The required output is the lines below from the line containing "από τον Κώτσιρα" to the line containing "Starbucks glass discount", inclusive, retyped exactly. No other lines belong in it.

:: RECORDS FOR THIS TASK ::
+++++

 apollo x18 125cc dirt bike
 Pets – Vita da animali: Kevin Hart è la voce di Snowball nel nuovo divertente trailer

+++++

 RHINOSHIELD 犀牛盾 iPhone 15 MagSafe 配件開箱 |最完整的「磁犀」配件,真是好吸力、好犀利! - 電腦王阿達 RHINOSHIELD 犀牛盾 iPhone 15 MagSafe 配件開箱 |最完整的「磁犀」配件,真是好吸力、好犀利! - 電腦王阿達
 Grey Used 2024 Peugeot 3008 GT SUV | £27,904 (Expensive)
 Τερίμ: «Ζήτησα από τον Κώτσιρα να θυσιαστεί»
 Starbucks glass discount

+++++

:: YOUR RESPONSE ::
 Τερίμ: «Ζήτησα από τον Κώτσιρα να θυσιαστεί»
 Starbucks glass discount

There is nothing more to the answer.